Task description
Keep every word of the listing and drop the images when you write it out.

[[ Data records open ]]

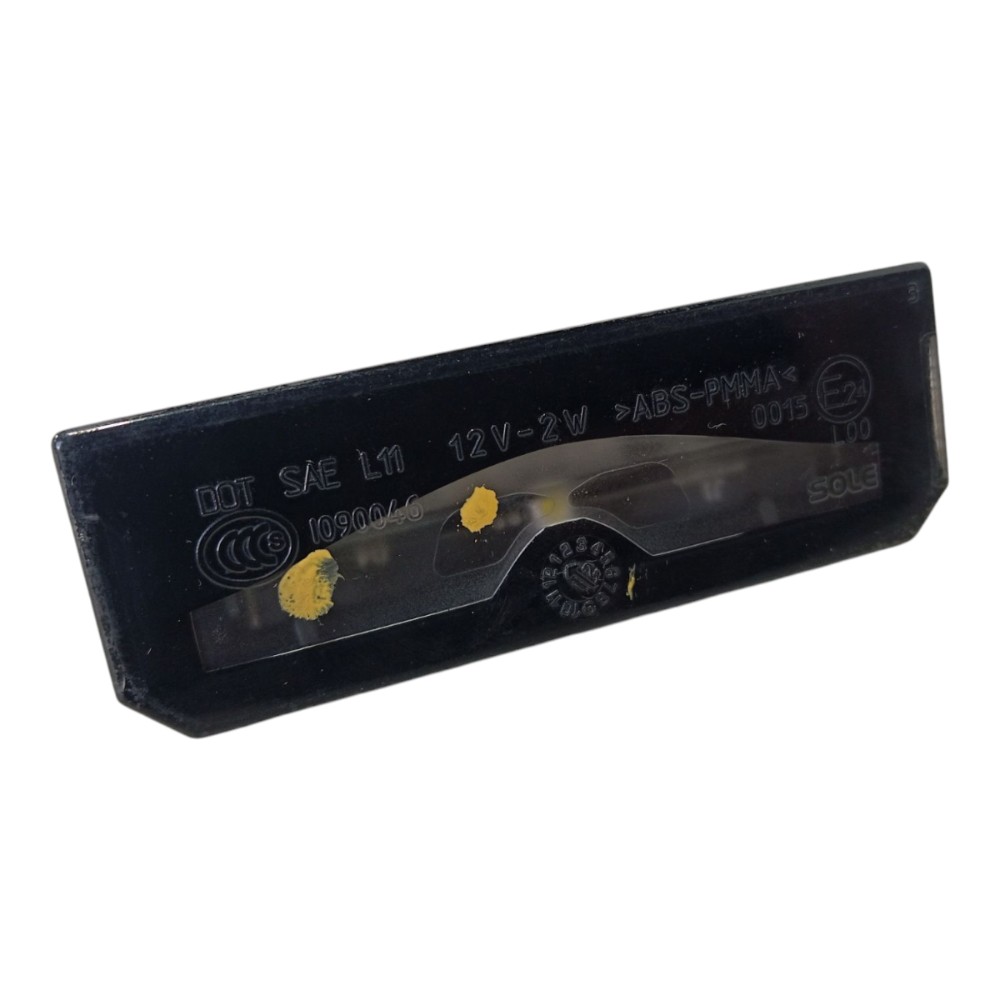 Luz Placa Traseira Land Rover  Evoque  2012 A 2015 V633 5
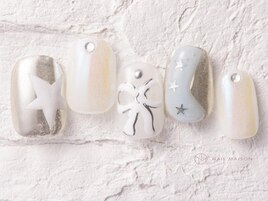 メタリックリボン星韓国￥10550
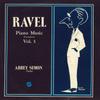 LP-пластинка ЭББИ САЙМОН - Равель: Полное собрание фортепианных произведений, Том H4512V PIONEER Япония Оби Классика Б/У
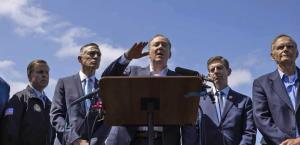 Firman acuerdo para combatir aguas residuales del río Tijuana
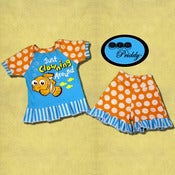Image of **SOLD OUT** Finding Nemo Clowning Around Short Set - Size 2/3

[[ Data records closed ]]

Task solution
 Luz Placa Traseira Land Rover  Evoque  2012 A 2015 V633 5
 メタリックリボン星韓国￥10550
 LP-пластинка ЭББИ САЙМОН - Равель: Полное собрание фортепианных произведений, Том H4512V PIONEER Япония Оби Классика Б/У
 Firman acuerdo para combatir aguas residuales del río Tijuana
Image of **SOLD OUT** Finding Nemo Clowning Around Short Set - Size 2/3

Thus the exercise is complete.